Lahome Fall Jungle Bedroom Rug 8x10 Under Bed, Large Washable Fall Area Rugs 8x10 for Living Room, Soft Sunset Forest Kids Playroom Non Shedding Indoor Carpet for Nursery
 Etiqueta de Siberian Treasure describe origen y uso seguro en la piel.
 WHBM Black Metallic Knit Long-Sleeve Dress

----

Exercise objective - All of the data above is to be given again, word for word.

Problem solution -
Lahome Fall Jungle Bedroom Rug 8x10 Under Bed, Large Washable Fall Area Rugs 8x10 for Living Room, Soft Sunset Forest Kids Playroom Non Shedding Indoor Carpet for Nursery
 Etiqueta de Siberian Treasure describe origen y uso seguro en la piel.
 WHBM Black Metallic Knit Long-Sleeve Dress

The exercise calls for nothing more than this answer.